§ **Exercise objective**: Start to finish, return the listing below exactly, pictures excluded.
*** Information supplied ***
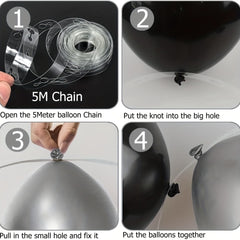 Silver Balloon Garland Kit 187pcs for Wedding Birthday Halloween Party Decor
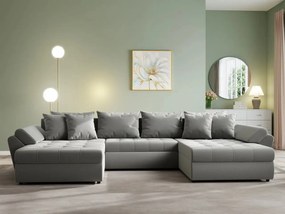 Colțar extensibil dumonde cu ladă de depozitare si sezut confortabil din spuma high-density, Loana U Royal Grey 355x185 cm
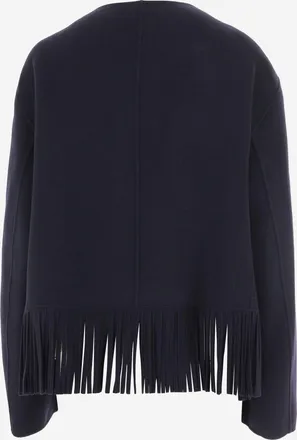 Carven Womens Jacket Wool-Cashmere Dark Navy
***
§ **Written answer**:
 Silver Balloon Garland Kit 187pcs for Wedding Birthday Halloween Party Decor
 Colțar extensibil dumonde cu ladă de depozitare si sezut confortabil din spuma high-density, Loana U Royal Grey 355x185 cm
 Carven Womens Jacket Wool-Cashmere Dark Navy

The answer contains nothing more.